■ SUPPLIED INFORMATION:

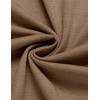 image:imageCOOFANDY Mens Casual Knit Blazer Stretch Sport Coat Two Button Suit Jackets  Two ButtonsKnit LightweightFashionWeddingCasualBusinessLight Brown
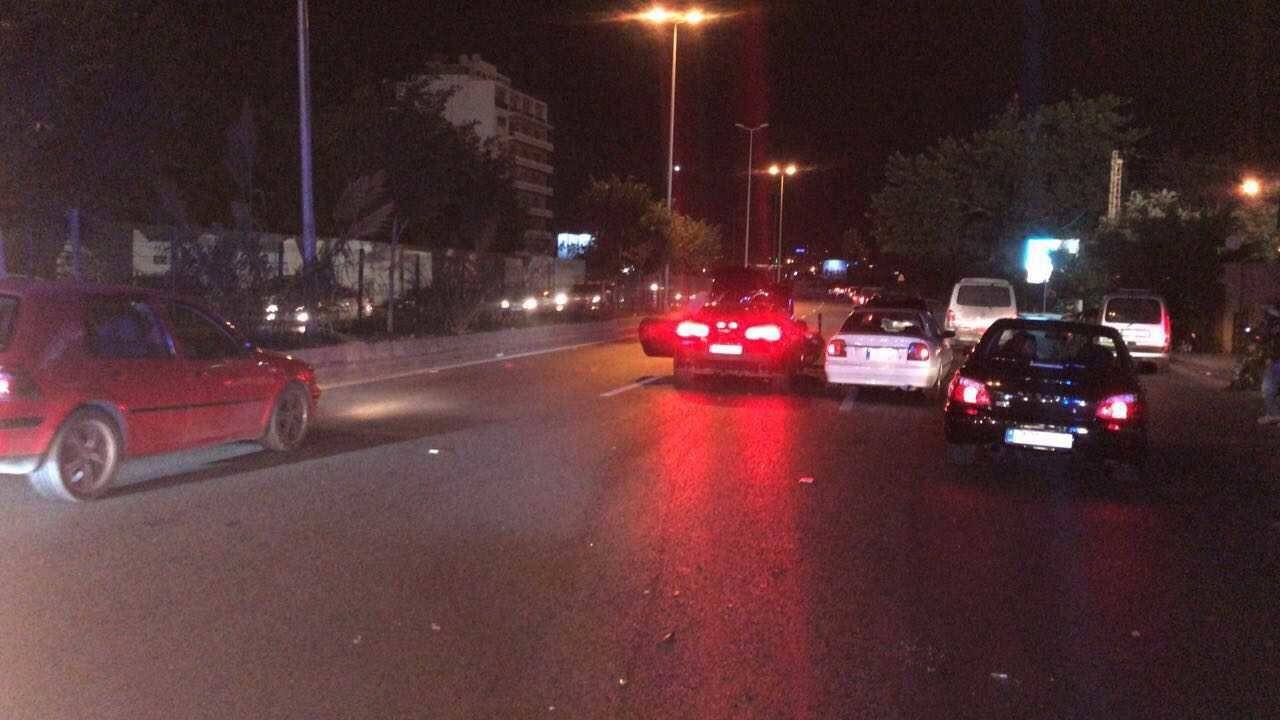 بالفيديو.. إنقاذ جريح عالق في 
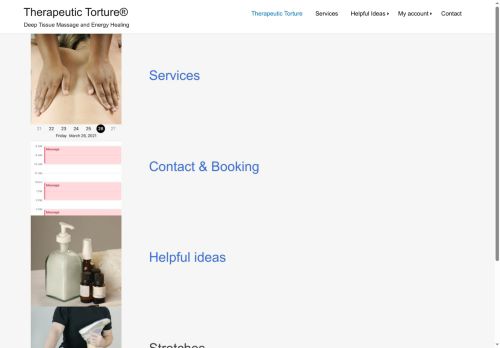therapeutictorture.com capture - 2025-09-26 20:27:23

■ ABOUT THIS EXERCISE:
The material above is to be output exactly, with each picture left out.

■ PROBLEM SOLUTION:
 image:imageCOOFANDY Mens Casual Knit Blazer Stretch Sport Coat Two Button Suit Jackets  Two ButtonsKnit LightweightFashionWeddingCasualBusinessLight Brown
 بالفيديو.. إنقاذ جريح عالق في 
therapeutictorture.com capture - 2025-09-26 20:27:23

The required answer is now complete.